Experts weigh in on changes to 'Plan B' contraceptive regulation
A local pharmacist weighed in on a controversial medication after a new ruling went into effect this week.
Because of the ruling, the FDA announced on Tuesday that teens as young as 15 would be able to buy "Plan B One Step" without a prescription.
Not only that, but the emergency contraceptive will be taken from behind the counter and placed on the shelves near other contraceptives.
Dr. Stephen May with the Sullivan County Health Department tells News 5 the drug is safe and uses some of the same hormones as regular birth control, but should be used sparingly. "Plan B, it is just that. It is a plan B when you have a potential accident or failing of your contraceptive," said Dr. May.

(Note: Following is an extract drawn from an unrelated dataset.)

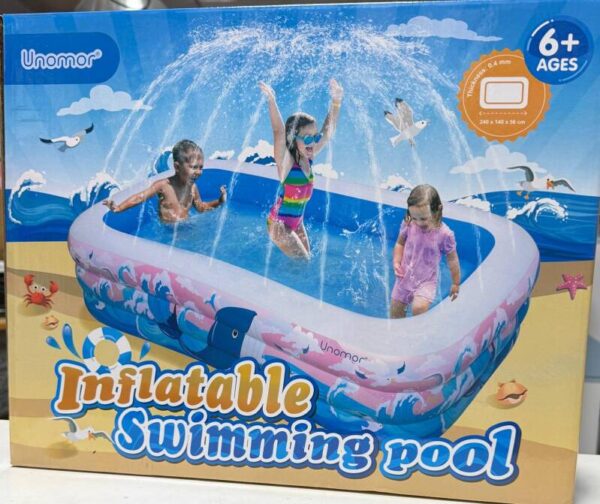 PISCINA INFLABLE FAMILIAR — AZUL CON ROSA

Kingsport pharmacist Barry Walton tells us the pill is used to disrupt ovulation or keep the egg from implanting into the uterine wall. "Without the nourishment of the uterine wall, the egg cannot develop," explained Walton.
However, Dr. May tells us the time is ticking when taking the emergency contraceptive. "It's effective anywhere from up to 72 hours to up to five days, depending on some of the literature based on exposure," said Dr. May.
Walton says the new law will make it easier for women 15 and older to get the pill by not having to have a prescription, saving them precious time. "It's often hard to get a doctor's appointment very quickly, so that is an issue," he said.
Walton stresses that Plan B is not an 'abortion pill,' but rather a stronger contraceptive. "If you're already pregnant, have an existing pregnancy and you were to take this, it would have no effect on the fetus," said Walton.
Walton tells News 5 his only real concern about lowering the age to 15 concerns IDs and whether or not a 15-year-old can prove it without a driver’s permit.
The FDA ruling applies only to the Plan B One-Step and does not affect restrictions on the traditional "Plan B," which requires two doses.